> [Collected data]
# # #
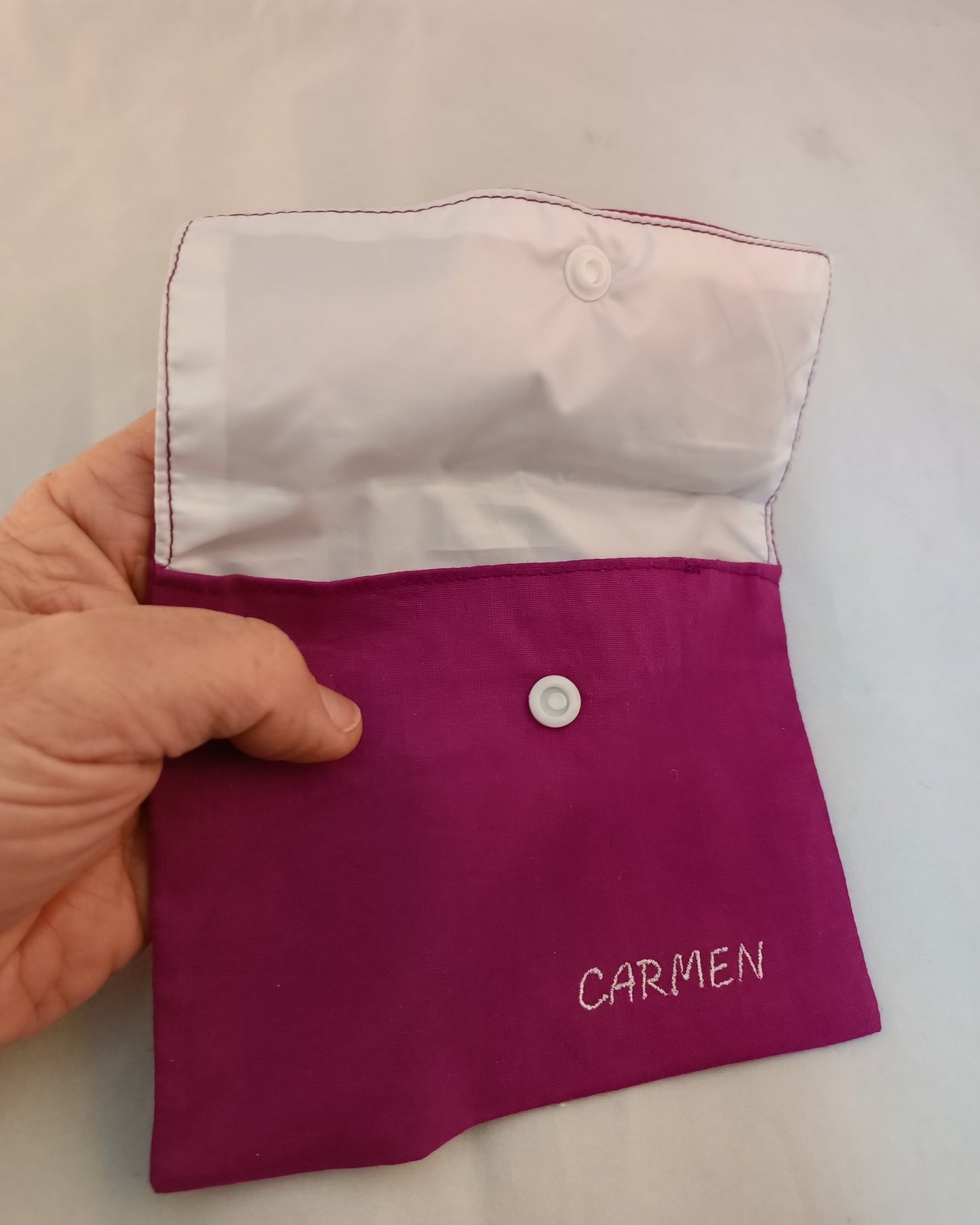 neceser de viaje de color morado con solapa abierta y nombre bordado
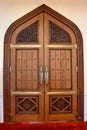 Arched Doorway with carvings and metalwork Royalty Free Stock Photo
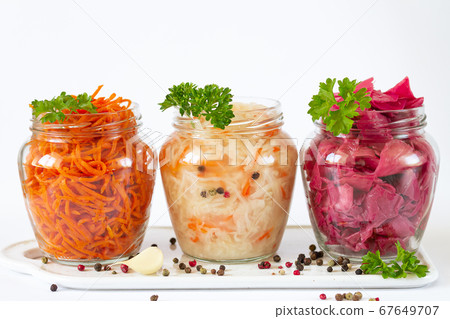 Pickled and fermented homemade vegetables. Sauerkraut, marinated red cabbage and carrot in glass jars with copy space Pickled and fermented homemade vegetables. Sauerkraut, marinated red cabbage and carrot in glass jars with copy space 67649707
# # #
> [Task details] The finished copy should match the data above word for word and contain no pictures.

> [Answer to this task]
 neceser de viaje de color morado con solapa abierta y nombre bordado
 Arched Doorway with carvings and metalwork Royalty Free Stock Photo
 Pickled and fermented homemade vegetables. Sauerkraut, marinated red cabbage and carrot in glass jars with copy space Pickled and fermented homemade vegetables. Sauerkraut, marinated red cabbage and carrot in glass jars with copy space 67649707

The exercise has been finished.